Estamos a punto de conseguirlo. Los españoles somos así: no hay manera de disfrutar el sosiego propio de una sociedad madura y vertebrada. Por fortuna, todavía frenamos un paso antes del abismo... Mal Gobierno; a veces, pésimo. Egoísmos partidistas, territoriales o corporativos. Mezquindad y mala fe de quienes actúan al servicio de intereses siniestros. La realidad es muy negativa. Las perspectivas, mucho peores. La crisis económica destapa la caja de Pandora que contiene los vicios nacionales. ¿Todo está perdido? De nuevo la desmesura, aunque nunca faltan voces inteligentes, unas cuantas desde las páginas de ABC. Banqueros y empresarios de alto rango han hablado alto y claro. La clase media profesional y muchas gentes a pie de calle dicen cosas muy sensatas. El Rey está en su sitio, como siempre. Aislados por su lenguaje autista, los políticos apenas se toman la molestia de escuchar, salvo cuando el clamor aparece en forma de encuesta. No, España no se hunde, ni se recluye otra vez en el rincón oscuro de la historia. Algunos hacen méritos para llevarnos al colapso, pero llega la hora de una reacción social y de una exigencia moral con efectos políticos inmediatos: ante todo y sobre todo, sentido de la responsabilidad. Las claves se llaman interés general y política de Estado. Aunque sólo sea por instinto de supervivencia. Como siempre, está en cuestión el futuro de nuestros hijos. Además, esta vez también nos jugamos el nuestro.

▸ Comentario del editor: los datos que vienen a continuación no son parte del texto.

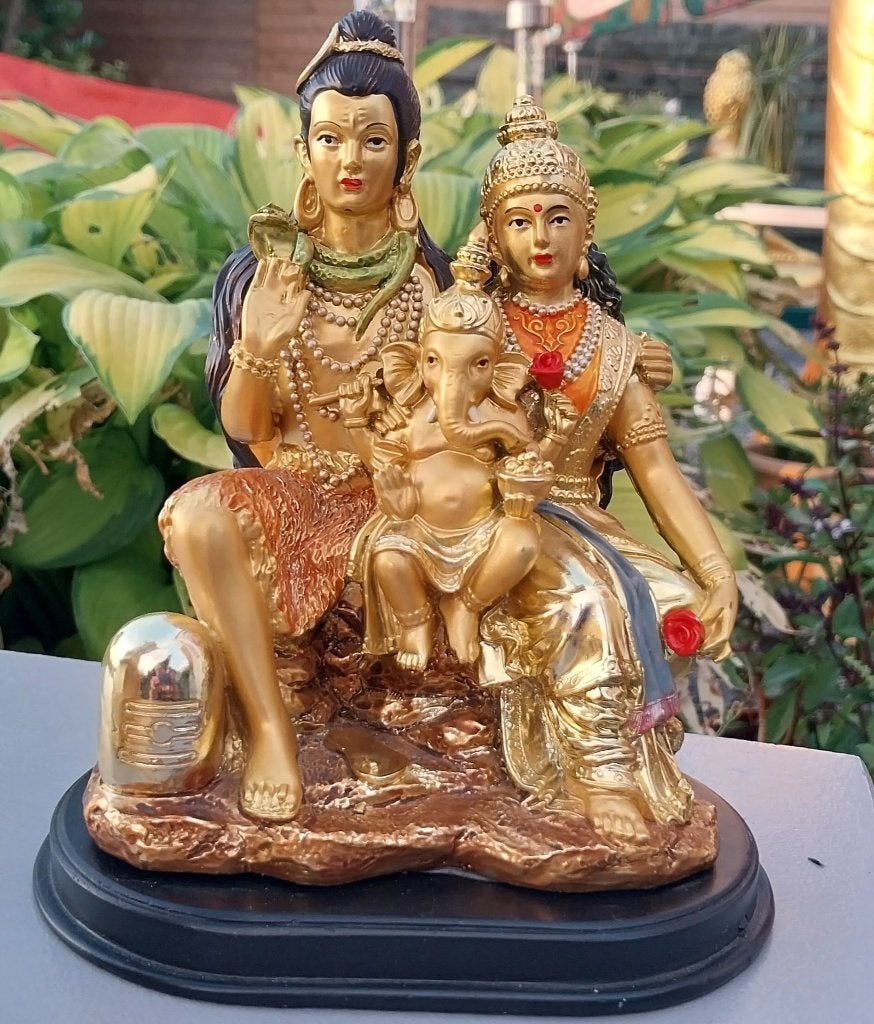 Beeld van Shiva, Parvati en Ganesha,God,buddha,boeddha,,, 20 cm, Nieuw, Ophalen of Verzenden, Gouden accenten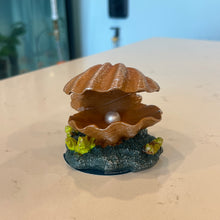 Cargar imagen en el visor de la galería, GloFish Clam Aquarium Ornament - Small
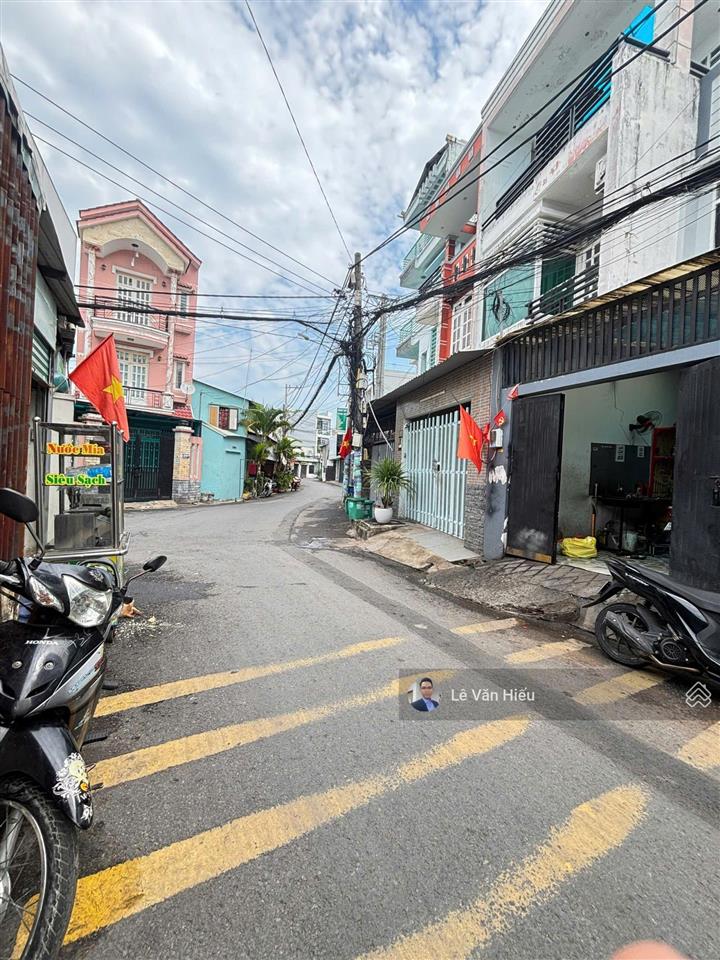 6,7 tỷ  nhà 2 tầng  82m2  mt đường số 10  linh xuân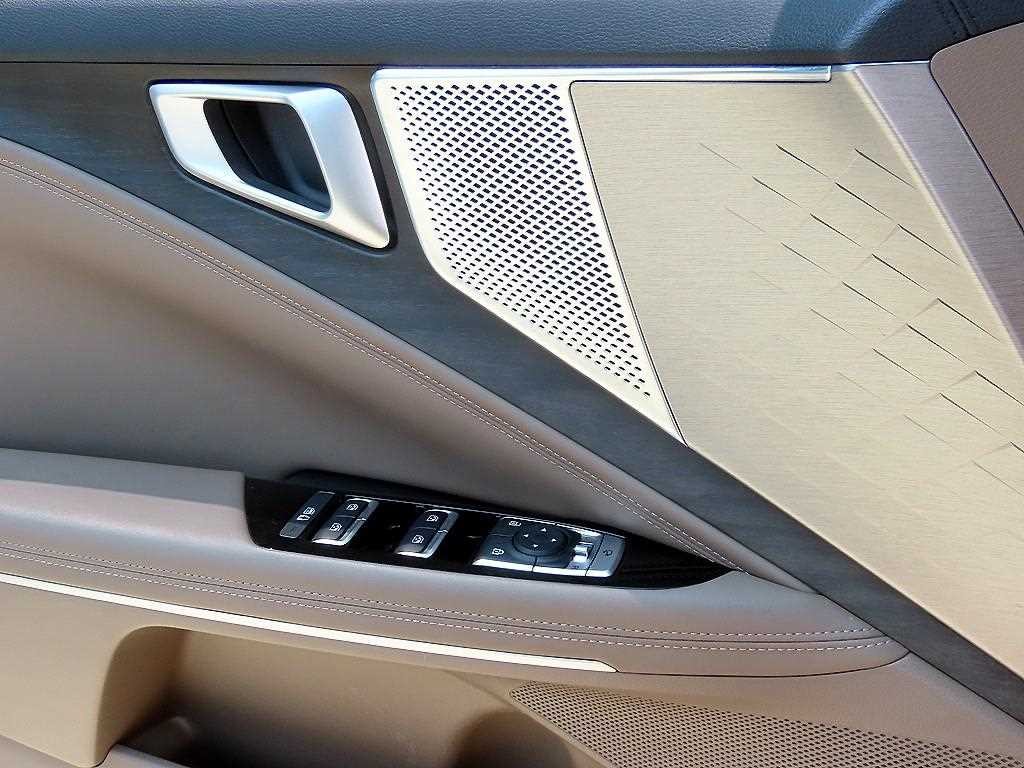 기아 K8 2.5 2WD 노블레스 이미지 11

Premisas elementales. Primera y principal: la sociedad española mantiene una dependencia patológica respecto del poder público en todas sus manifestaciones, desde el ministro al bedel del ministerio, pasando -faltaría más- por el concejal de urbanismo. Hay demasiados intereses en juego ante cada cambio de Gobierno. Por eso no sabemos ganar o perder sin conducir al sistema hasta el límite de su resistencia. La memoria no falla: González en el 82, secuela del 23-F; Aznar en el 96, con el Estado abierto en canal; Zapatero en 2004, en la estela trágica del 11-M. Vamos camino de otra hecatombe, esta vez social y económica, tal vez para moldear una mayoría insuficiente, y otra vez vuelta a empezar... Segunda, la más aparente. El proceso de selección de la clase política favorece a los mediocres y excluye a los mejores, aunque no faltan excepciones. Sobreviven los más hábiles a la hora de manejar el aparato de los partidos. Sobran los independientes, los valientes y los ingenuos. Una reflexión reciente de Rajoy debería tener consecuencias futuras: las leyes no favorecen la vocación política de los más preparados. Sería bueno cambiarlas. En cambio, añado, otorgan prebendas irritantes para la gran mayoría en forma de pensiones, gastos de representación o despachos con estética discutible. No sólo pasa aquí. Recuerden el bochorno reciente de los Lores y los Comunes. Consuelo para los anglófilos: tienen que devolver hasta el último penique.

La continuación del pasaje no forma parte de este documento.